Guidelines Are Not Rules (and Vice Versa)

Just a friendly reminder that in English, there are precious few rules and a metric ton (which is a tonne) of guidelines. Style guides do not agree. Dictionaries might not even agree. Grammar guides will agree on most things but not on everything.

What’s a rule?

“Start a new sentence with a capital letter and end it with terminal punctuation.”

That’s about as close to a rule as you’re going to get. And even here there are exceptions. If the sentence is in dialogue, it might NOT begin with a capital letter (it could be an interruption of the previous speaker’s words). The terminal punctuation might NOT be a period, a question mark, or an exclamation point, if the speaker’s drifting off into thought or being interrupted — then it might end with an em dash for an abrupt intrusion or with suspension points to signal the drifting.

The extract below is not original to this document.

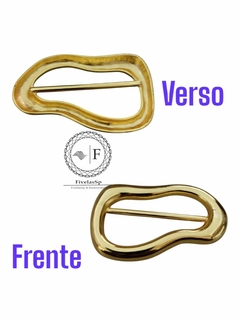 Fivela plástica modelo castanha com reforço cor dourado mostrando a frente e o verso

No one HAS to follow the guidelines YOU like. And they’re not WRONG if they don’t. They’re making their own choices. They get to do that, and so do you.

Here’s another rule. “An independent clause contains a subject and a verb.” A complete thought contains a subject and a verb (or a noun phrase and a verb phrase, to use different terminology for the same thing). But what about “COME HERE!”? That’s a complete thought, and there’s no noun phrase in sight. That’s because the subject/noun phrase is understood to be “YOU.” “YOU COME HERE!” The subject is clear but it doesn’t appear in print.

If you’re new to this writing thing, do yourself a favor. LEARN THE RULES of grammar before you go breaking them. Having to relearn grammar SUCKS. Learning it and THEN choosing to break the rules? That can be a lot of fun.

I’m all for more fun  in 2015.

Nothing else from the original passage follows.